Brief descriptive captions:
···

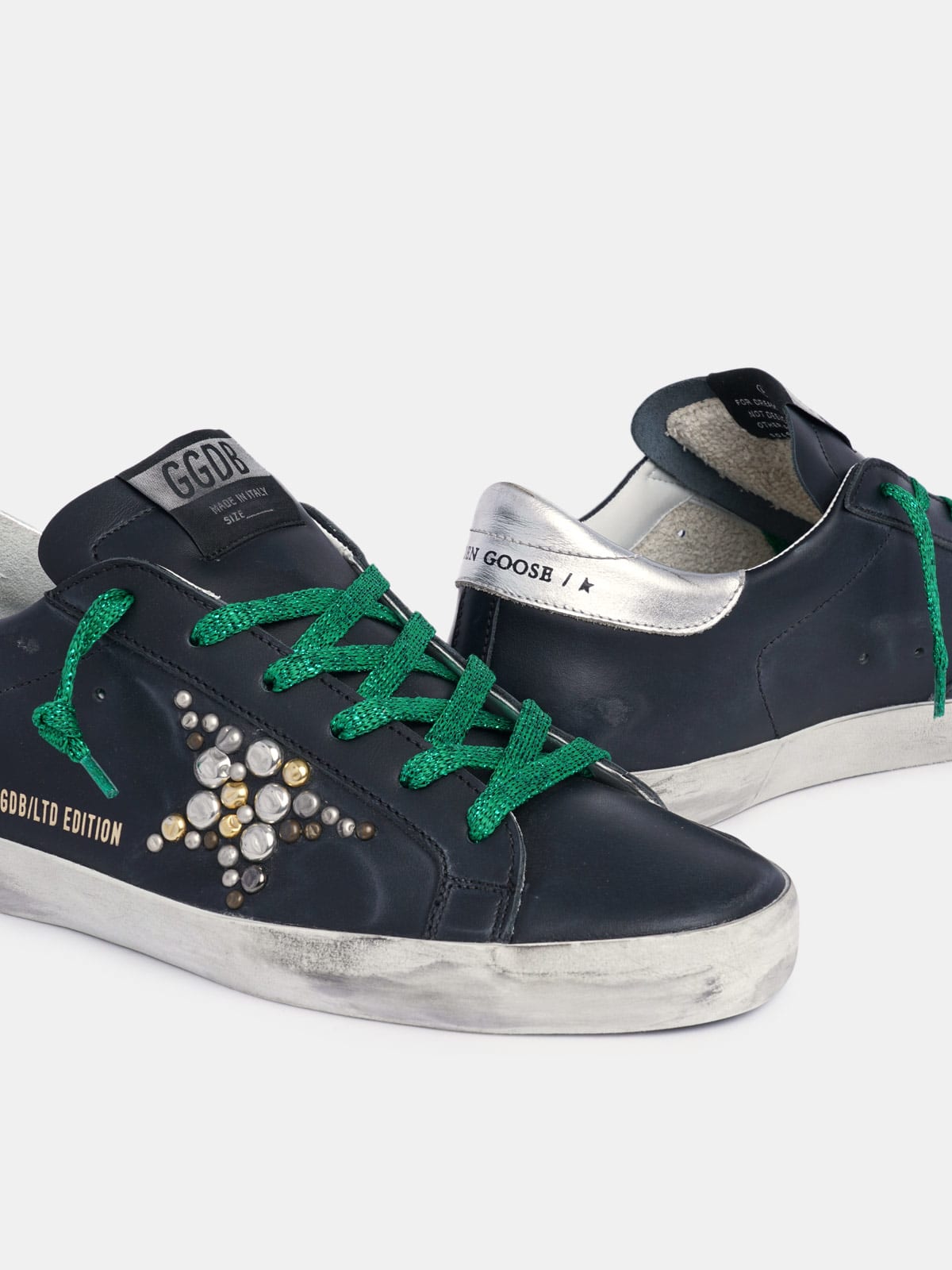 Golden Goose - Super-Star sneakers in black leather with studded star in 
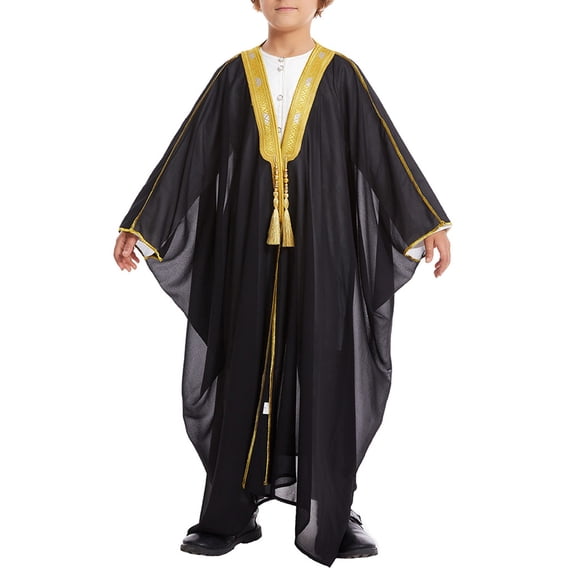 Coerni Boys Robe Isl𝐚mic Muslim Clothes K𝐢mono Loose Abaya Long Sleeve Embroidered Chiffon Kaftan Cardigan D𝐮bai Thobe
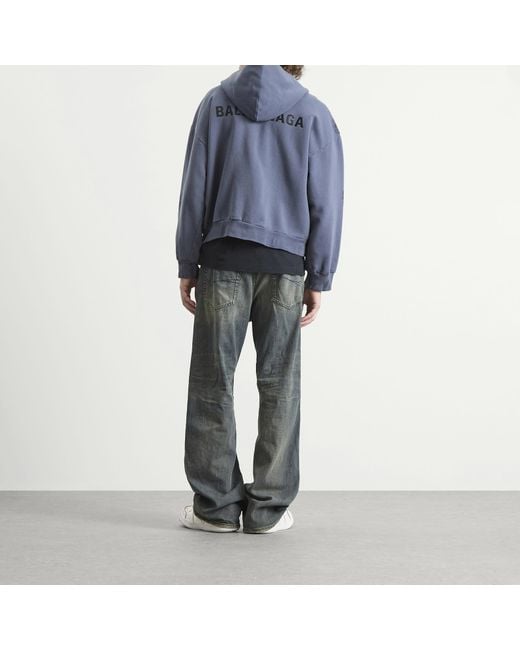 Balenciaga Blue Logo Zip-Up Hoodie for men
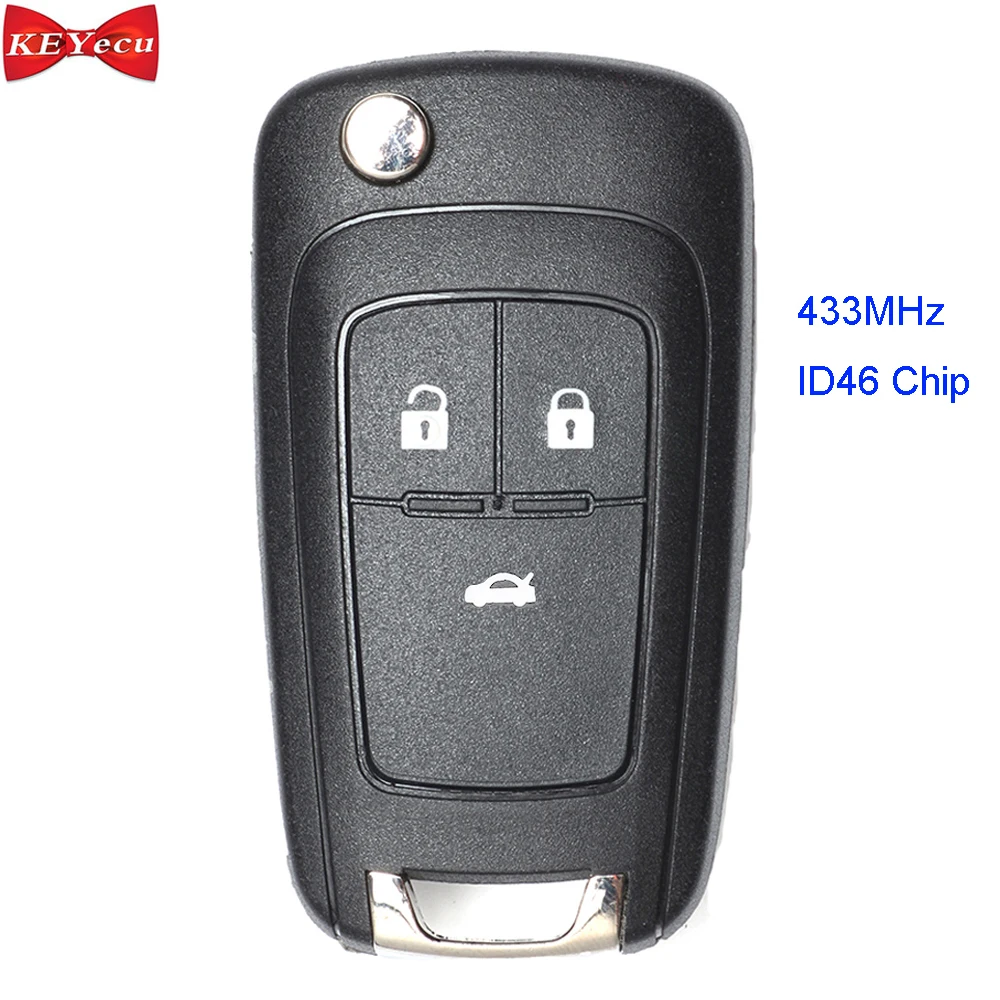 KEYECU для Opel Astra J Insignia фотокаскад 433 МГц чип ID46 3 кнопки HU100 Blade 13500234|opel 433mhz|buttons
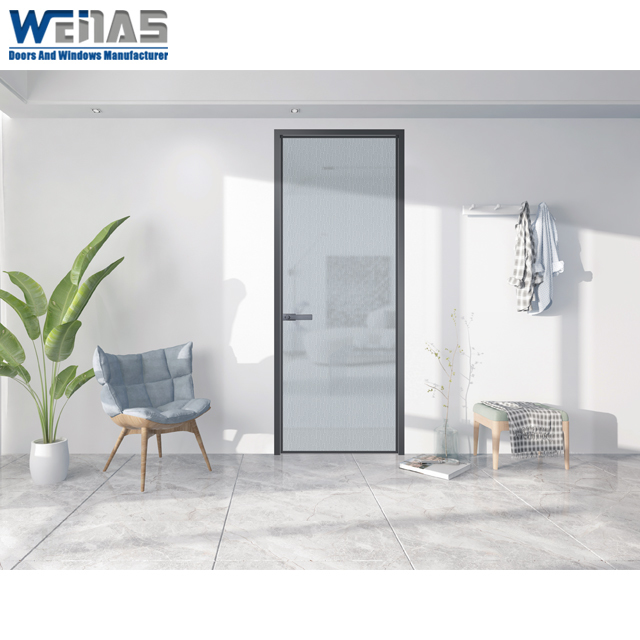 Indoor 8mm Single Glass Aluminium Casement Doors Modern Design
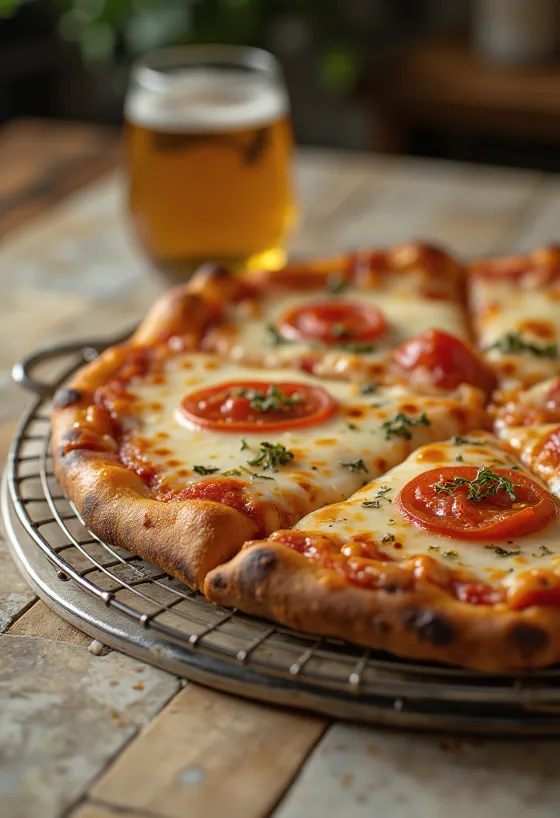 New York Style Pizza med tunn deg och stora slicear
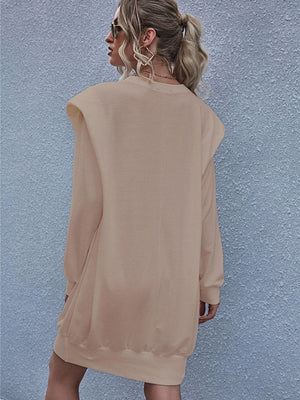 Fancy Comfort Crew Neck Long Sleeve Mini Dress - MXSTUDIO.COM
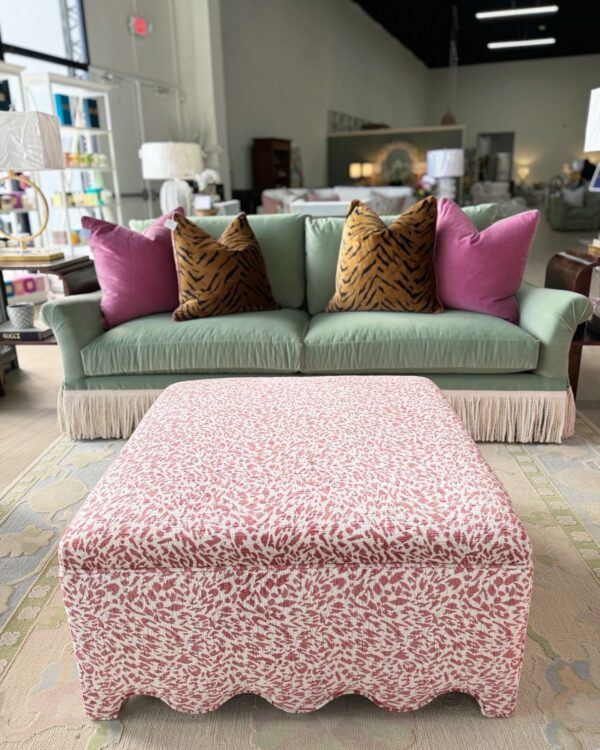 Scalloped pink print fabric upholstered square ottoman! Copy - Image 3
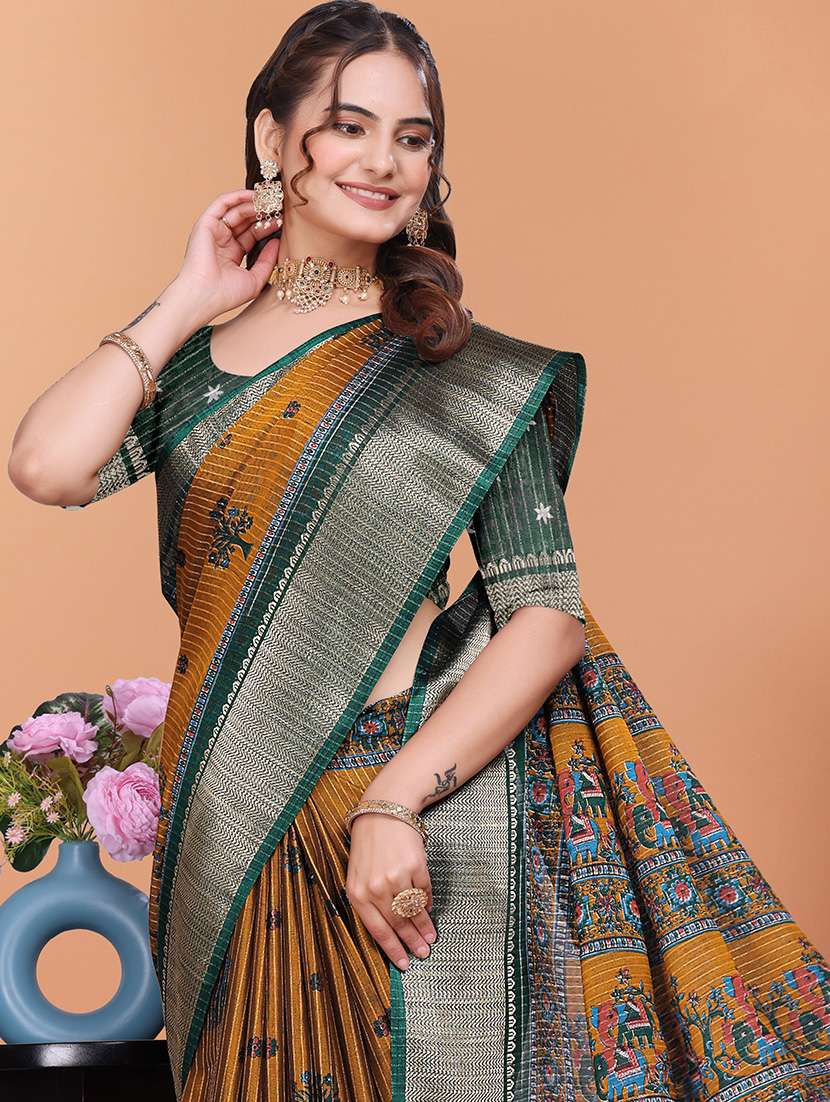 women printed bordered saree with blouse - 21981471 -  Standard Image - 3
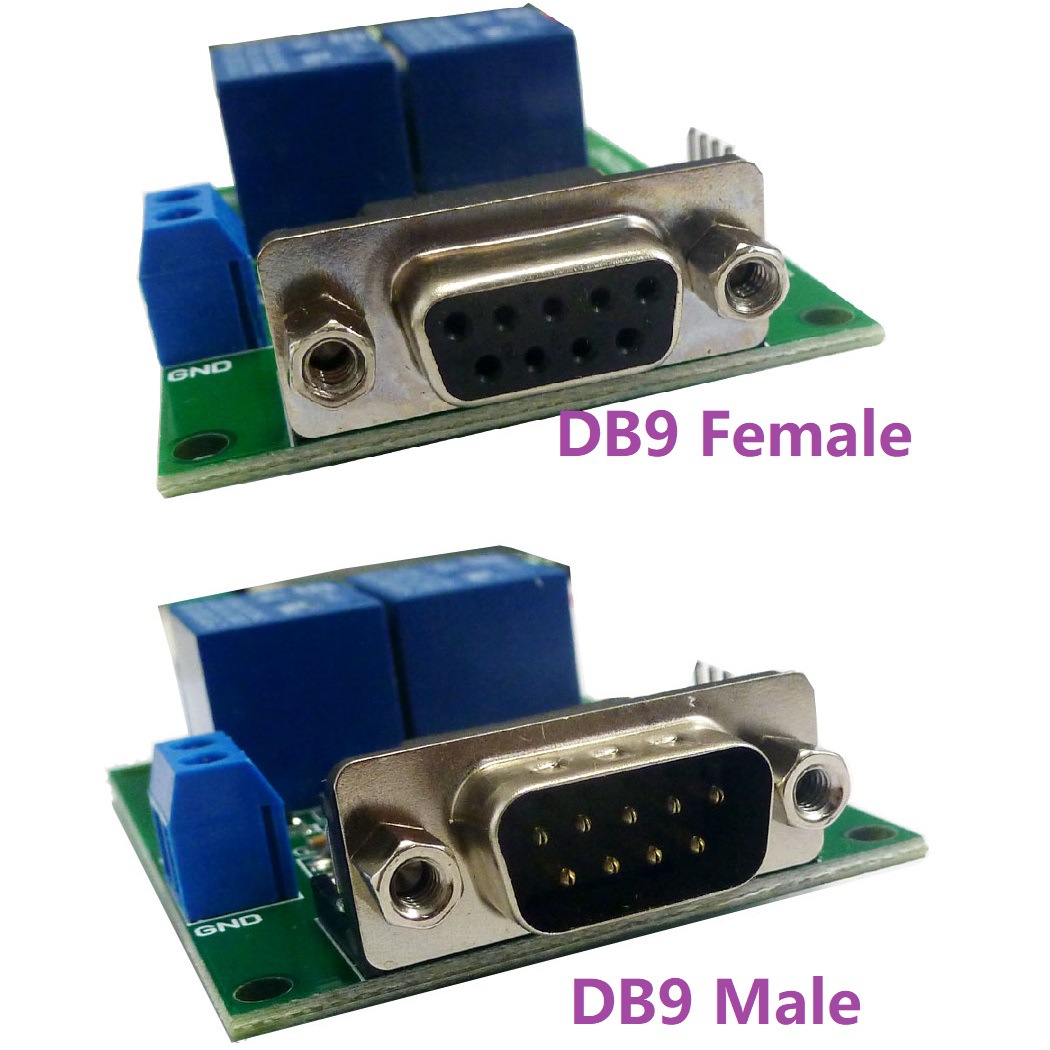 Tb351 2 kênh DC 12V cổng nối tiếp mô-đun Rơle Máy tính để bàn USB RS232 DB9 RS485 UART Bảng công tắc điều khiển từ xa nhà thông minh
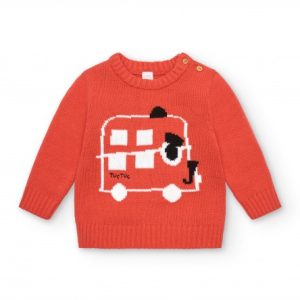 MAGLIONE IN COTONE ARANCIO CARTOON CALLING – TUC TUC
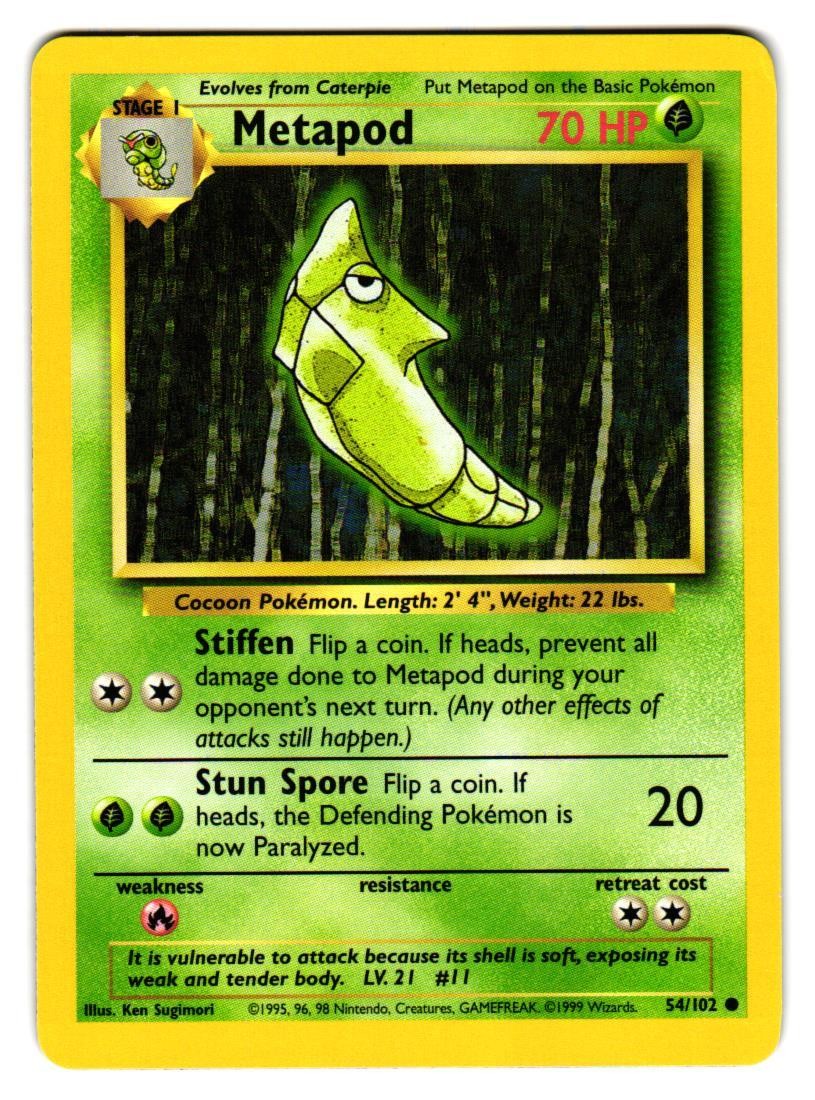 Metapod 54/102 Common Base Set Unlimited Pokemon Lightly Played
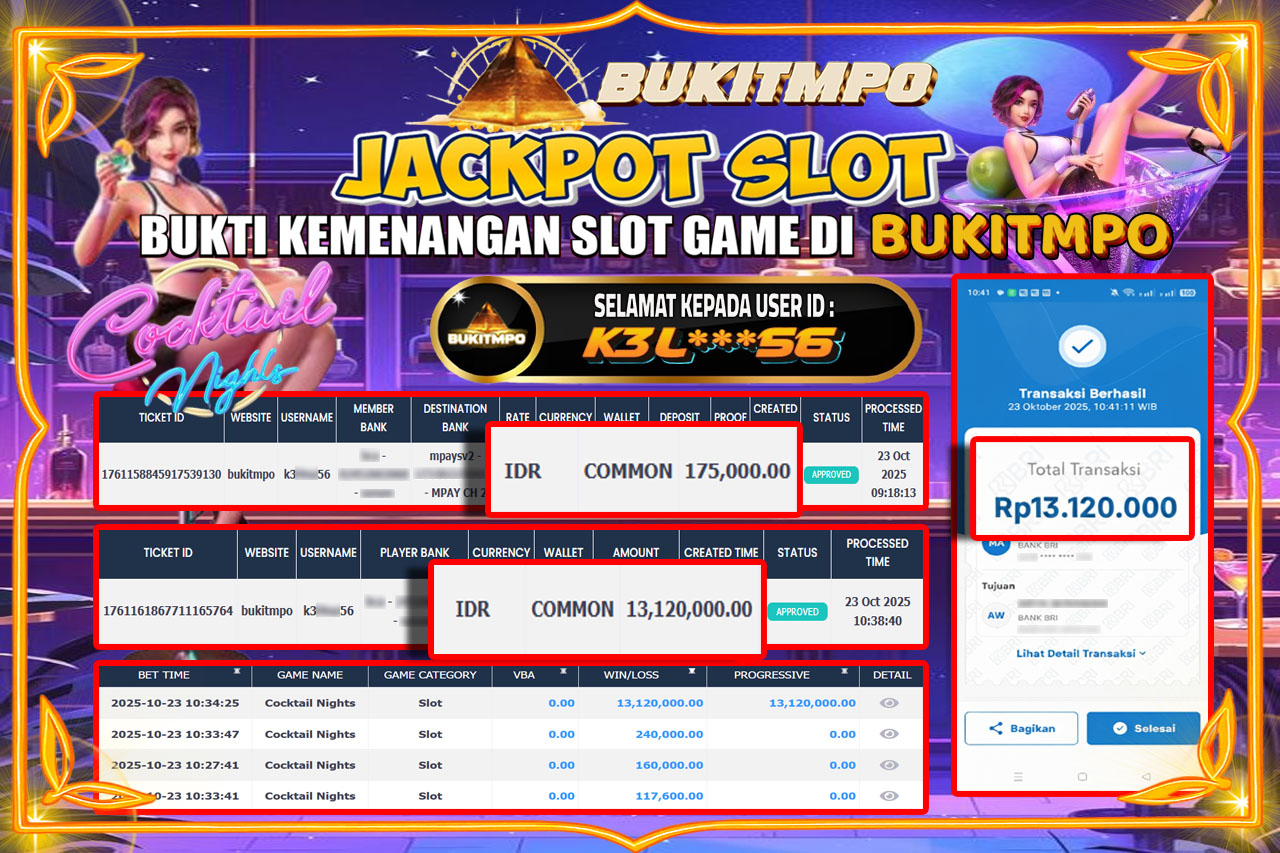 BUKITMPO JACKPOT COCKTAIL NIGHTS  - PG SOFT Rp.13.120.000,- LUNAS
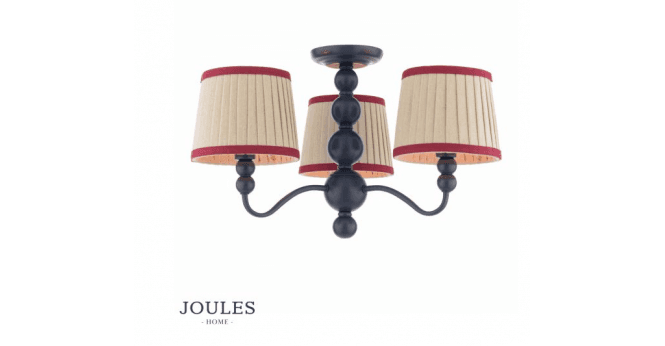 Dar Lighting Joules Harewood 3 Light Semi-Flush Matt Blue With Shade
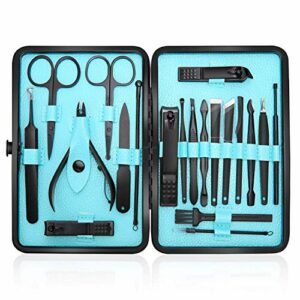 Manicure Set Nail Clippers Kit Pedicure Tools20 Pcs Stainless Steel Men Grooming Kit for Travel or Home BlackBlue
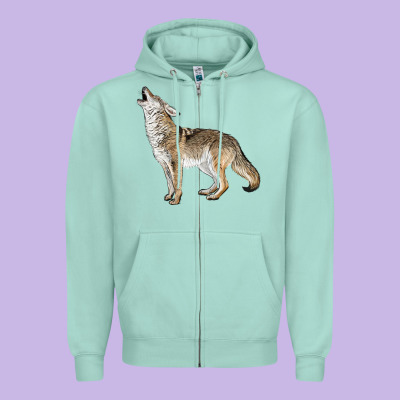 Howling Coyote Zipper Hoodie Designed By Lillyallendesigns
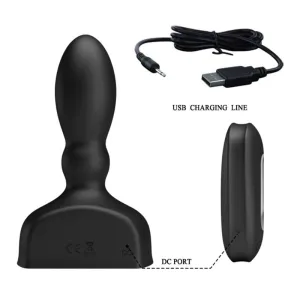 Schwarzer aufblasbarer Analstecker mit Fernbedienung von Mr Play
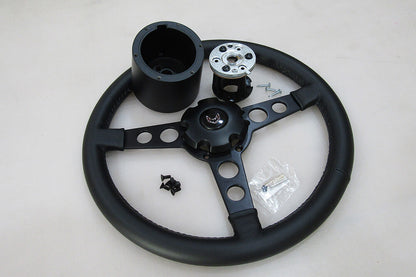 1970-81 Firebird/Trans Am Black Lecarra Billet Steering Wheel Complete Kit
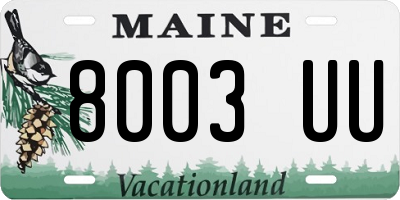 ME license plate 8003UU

···

> **ABOUT THIS TASK**:
Going by the data above, give back only the lines from the one containing "New York Style" through the one containing "women printed bordered", exactly as they stand, both ends included and no images.

> **WRITTEN ANSWER**:
 New York Style Pizza med tunn deg och stora slicear
 Fancy Comfort Crew Neck Long Sleeve Mini Dress - MXSTUDIO.COM
 Scalloped pink print fabric upholstered square ottoman! Copy - Image 3
 women printed bordered saree with blouse - 21981471 -  Standard Image - 3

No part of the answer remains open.